**Work task:** Word for word, restate the lines from the one holding "Provoq Women's Slippers - Black Leather" through the last line of the material below, and leave every picture out.

**Input material:**
—————

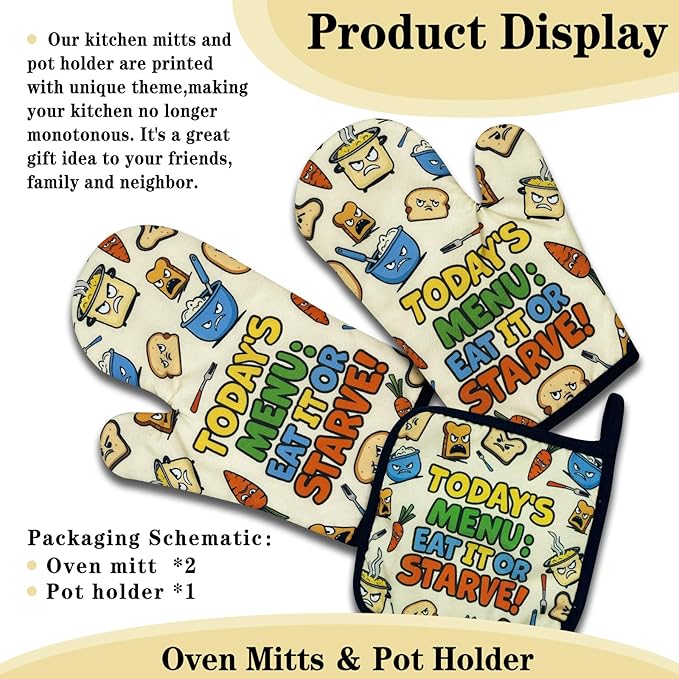 Funny Oven Mitts and Pot Holders Set of 3, Today's Menu Eat It or Starve, Heat Resistant Non-Slip Kitchen Mitts Hot Pads, Humor Kitchen Decor Gifts for Women Men Chef Friend Cooking Lovers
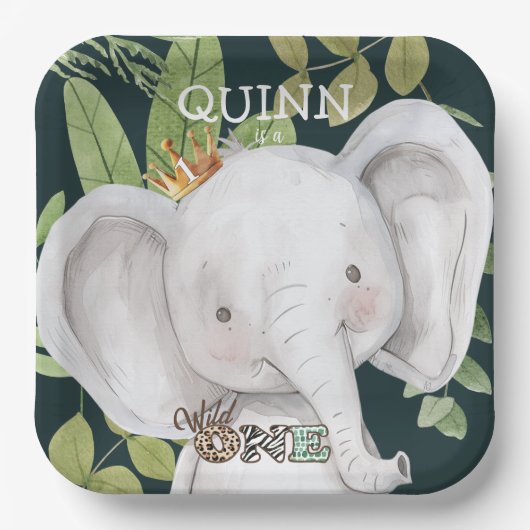 Wild One Oerwoud Animals Safari 1st Birthday Papieren Bordje (Voorkant)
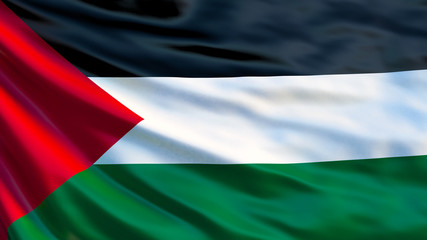Fototapeta premium Palestine flag. Waving flag of Palestine 3d illustration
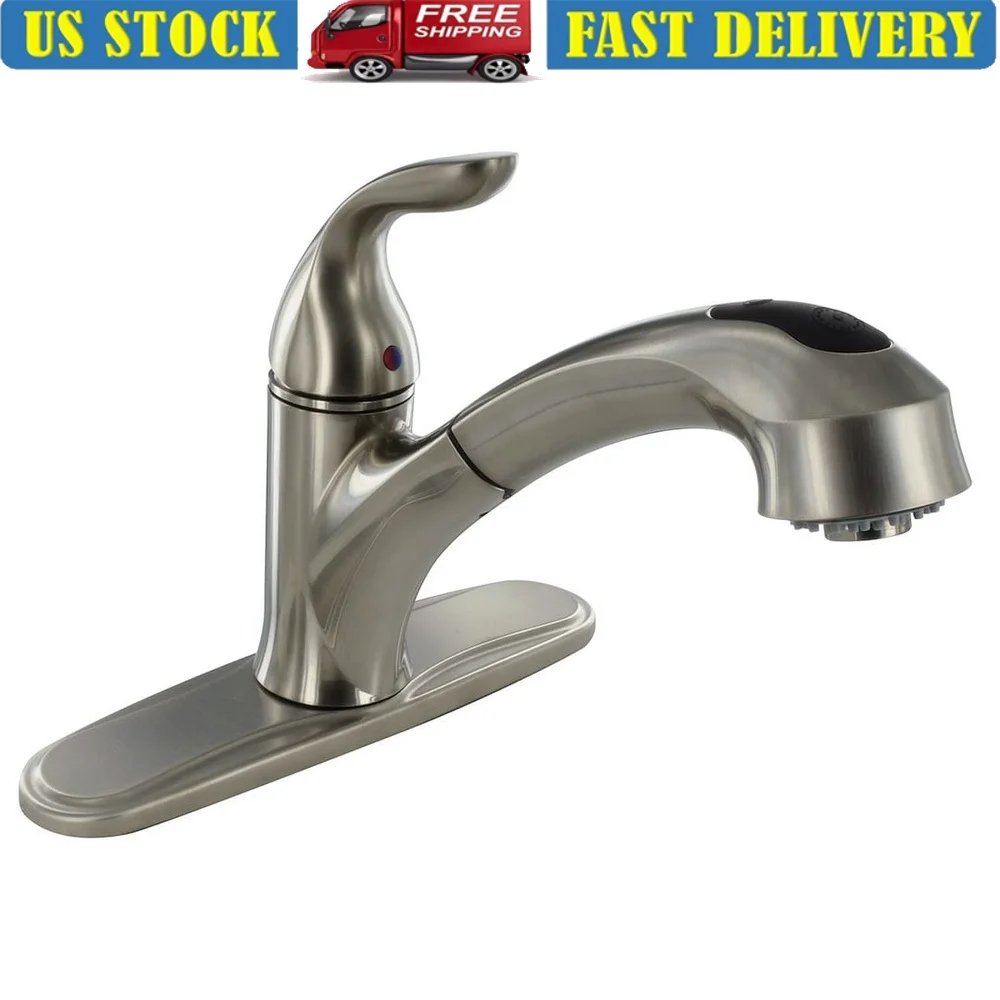 

Выдвижной кухонный смеситель с одной ручкой, матовый никель, 10-дюймовый излив, регулируемая скорость потока, 2,2 галлона в минуту, керамический клапан, крепление на 3 отверстия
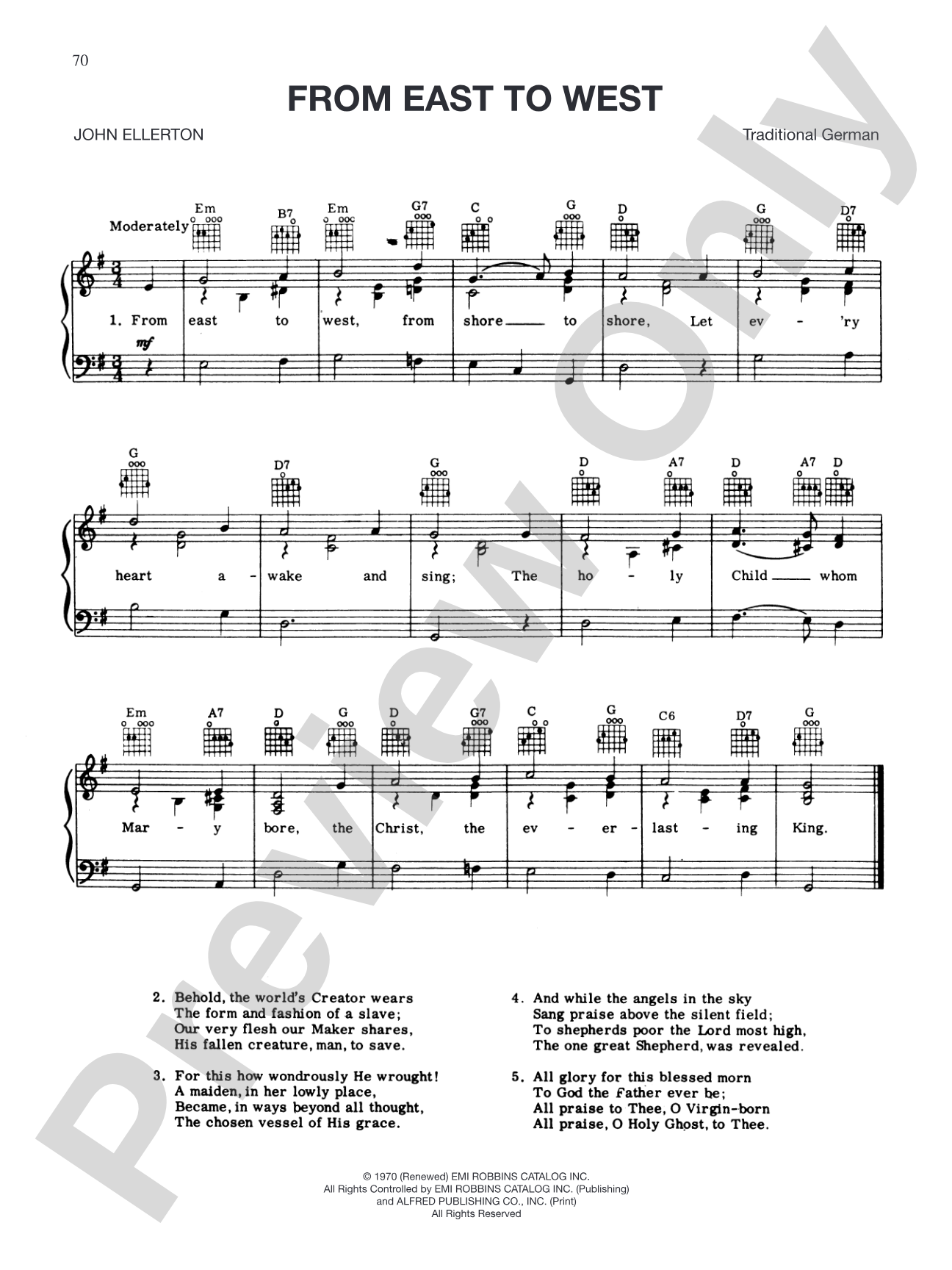 From East to West: Piano/Vocal/Chords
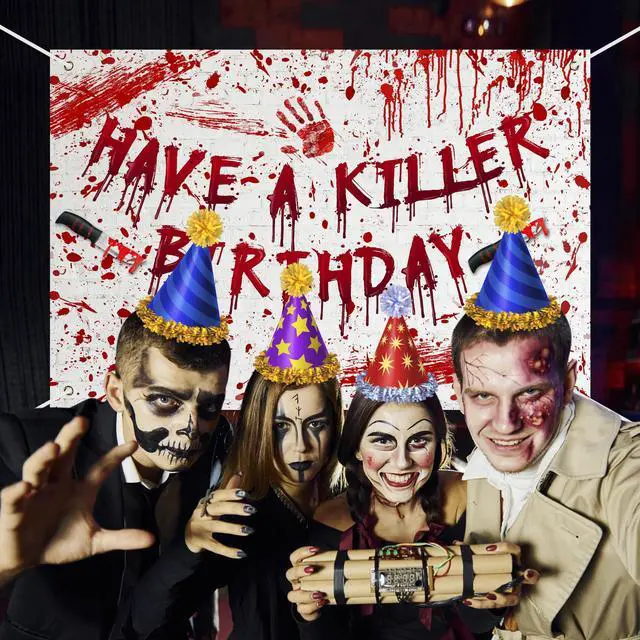 Alt view image 5 of 7 - Have a Killer Birthday Banner Backdrop Halloween Horror Murder Mystery Party Decorations Halloween Bloody Horror Movie Birthday Party Decorations Photo Studio Props Supplies 70.8x47.2in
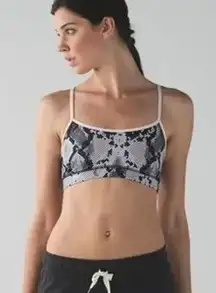 Lululemon Flow Y Racerback Sports Bra Snake Print Black Pink 4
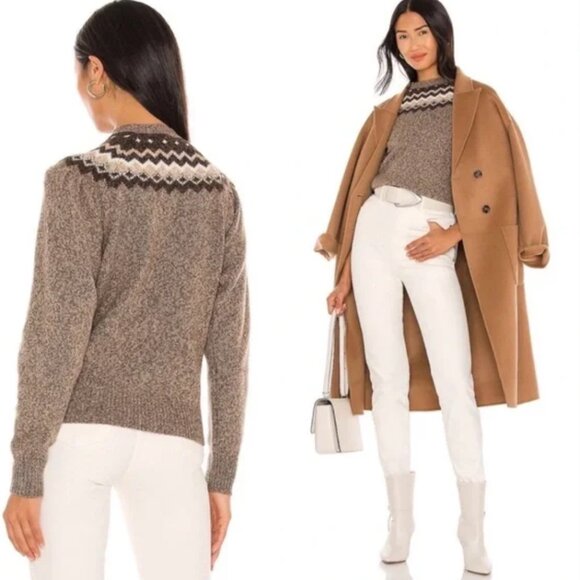 FRAME Fair Isle Crew Sweater XXS Hot Cocoa Cashmere Fairisle Mushroom - Picture 3 of 6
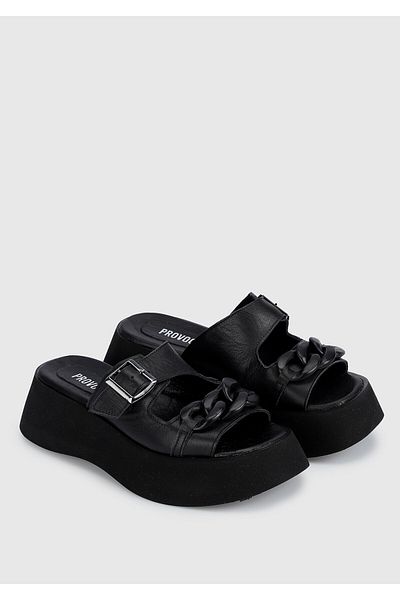 Provoq Women's Slippers - Black Leather
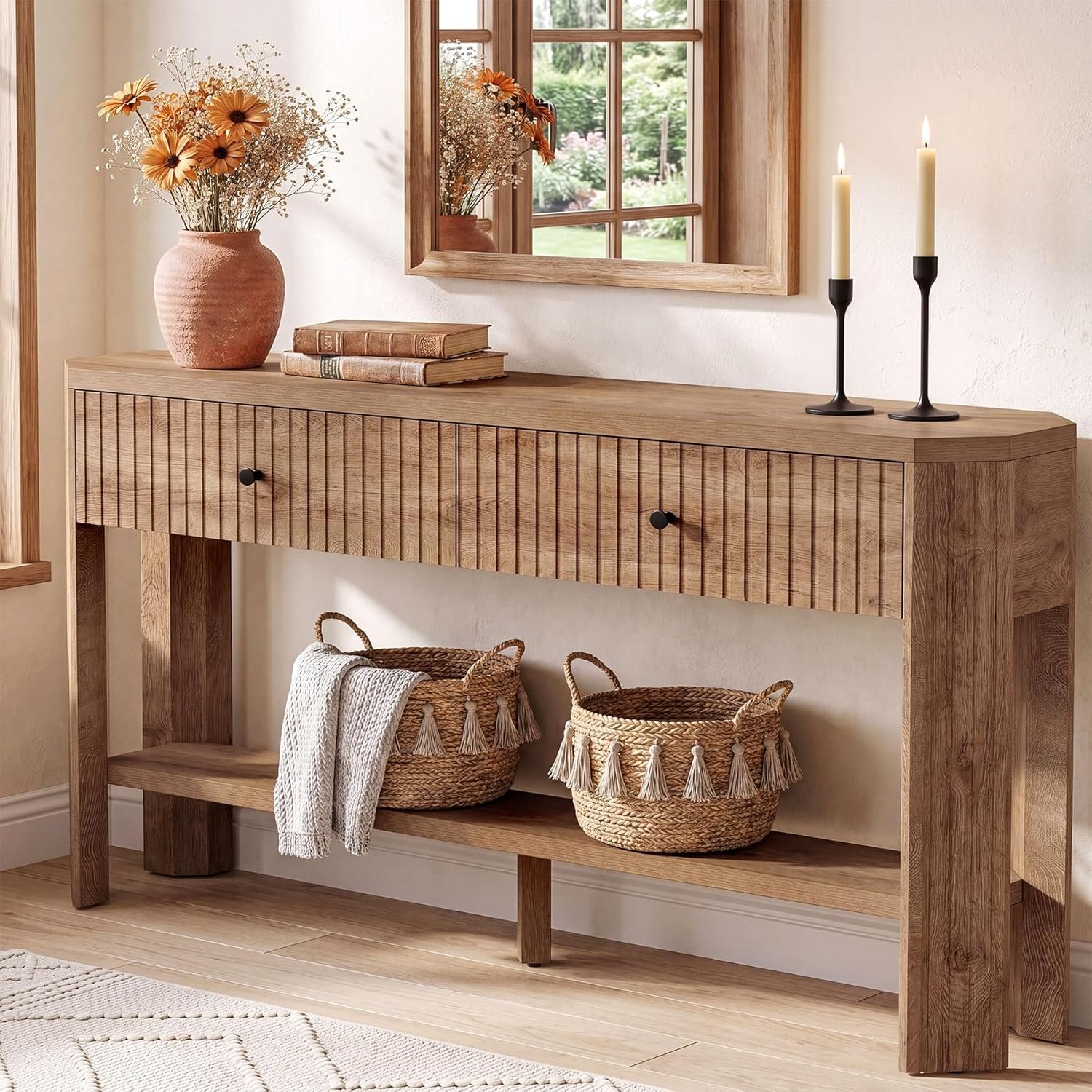Tribesigns Console Table with 2 Storage Drawers, 59-Inch Narrow Entryway Table with Storage Shelf, Farmhouse Fluted Sofa Tables Behind Couch for Living Room, Hallway, Entrance, Rustic Brown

—————

**Task result:**
 Provoq Women's Slippers - Black Leather
Tribesigns Console Table with 2 Storage Drawers, 59-Inch Narrow Entryway Table with Storage Shelf, Farmhouse Fluted Sofa Tables Behind Couch for Living Room, Hallway, Entrance, Rustic Brown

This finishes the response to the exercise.